Statistical aggregate functions

GoogleSQL for Bigtable supports statistical aggregate functions. To learn about the syntax for aggregate function calls, see Aggregate function calls.

Function list

Name Summary
CORR Computes the Pearson coefficient of correlation of a set of number pairs.
COVAR_POP Computes the population covariance of a set of number pairs.
COVAR_SAMP Computes the sample covariance of a set of number pairs.
STDDEV An alias of the STDDEV_SAMP function.
STDDEV_POP Computes the population (biased) standard deviation of the values.
STDDEV_SAMP Computes the sample (unbiased) standard deviation of the values.
VAR_POP Computes the population (biased) variance of the values.
VAR_SAMP Computes the sample (unbiased) variance of the values.
VARIANCE An alias of VAR_SAMP.

CORR

CORR(
  X1, X2
)

Description

Returns the Pearson coefficient of correlation of a set of number pairs. For each number pair, the first number is the dependent variable and the second number is the independent variable. The return result is between -1 and 1. A result of 0 indicates no correlation.

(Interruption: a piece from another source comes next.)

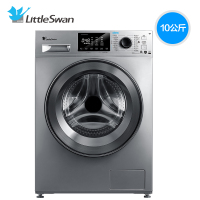 小天鹅(Little Swan) TD100V86WMADY5 10公斤小天鹅水魔方变频滚筒家用 全自动 洗烘一体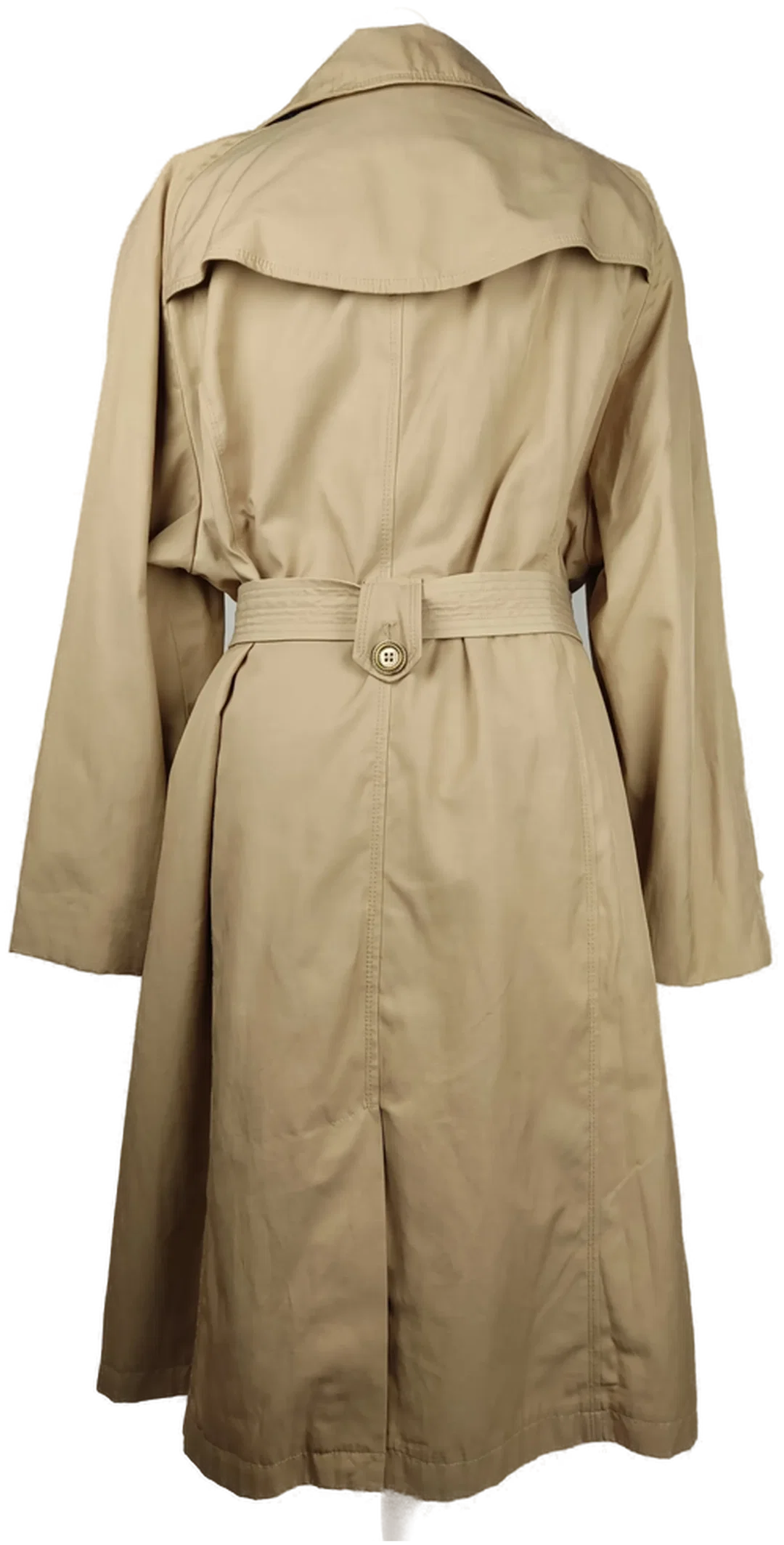 Beiger Damenmantel GR.L | Neutraler Chic – Bild 4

All numeric types are supported.

This function ignores any input pairs that contain one or more NULL values. If there are fewer than two input pairs without NULL values, this function returns NULL.

NaN is produced if:

  • Any input value is NaN
  • Any input value is positive infinity or negative infinity.
  • The variance of X1 or X2 is 0.
  • The covariance of X1 and X2 is 0.

To learn more about the optional aggregate clauses that you can pass into this function, see Aggregate function calls.

Return Data Type

FLOAT64

Examples

SELECT CORR(y, x) AS results
FROM
  UNNEST(
    [
      STRUCT(1.0 AS y, 5.0 AS x),
      (3.0, 9.0),
      (4.0, 7.0)]);

/*--------------------*
 | results            |
 +--------------------+
 | 0.6546536707079772 |
 *--------------------*/
SELECT CORR(y, x) AS results
FROM
  UNNEST(
    [
      STRUCT(1.0 AS y, 5.0 AS x),
      (3.0, 9.0),
      (4.0, NULL)]);

/*---------*
 | results |
 +---------+
 | 1       |
 *---------*/
SELECT CORR(y, x) AS results
FROM UNNEST([STRUCT(1.0 AS y, NULL AS x),(9.0, 3.0)])

/*---------*
 | results |
 +---------+
 | NULL    |
 *---------*/
SELECT CORR(y, x) AS results
FROM UNNEST([STRUCT(1.0 AS y, NULL AS x),(9.0, NULL)])

/*---------*
 | results |
 +---------+
 | NULL    |
 *---------*/
SELECT CORR(y, x) AS results
FROM
  UNNEST(
    [
      STRUCT(1.0 AS y, 5.0 AS x),
      (3.0, 9.0),
      (4.0, 7.0),
      (5.0, 1.0),
      (7.0, CAST('Infinity' as FLOAT64))])

/*---------*
 | results |
 +---------+
 | NaN     |
 *---------*/
SELECT CORR(x, y) AS results
FROM
  (
    SELECT 0 AS x, 0 AS y
    UNION ALL
    SELECT 0 AS x, 0 AS y
  )

/*---------*
 | results |
 +---------+
 | NaN     |
 *---------*/

COVAR_POP

COVAR_POP(
  X1, X2
)

Description

Returns the population covariance of a set of number pairs. The first number is the dependent variable; the second number is the independent variable. The return result is between -Inf and +Inf.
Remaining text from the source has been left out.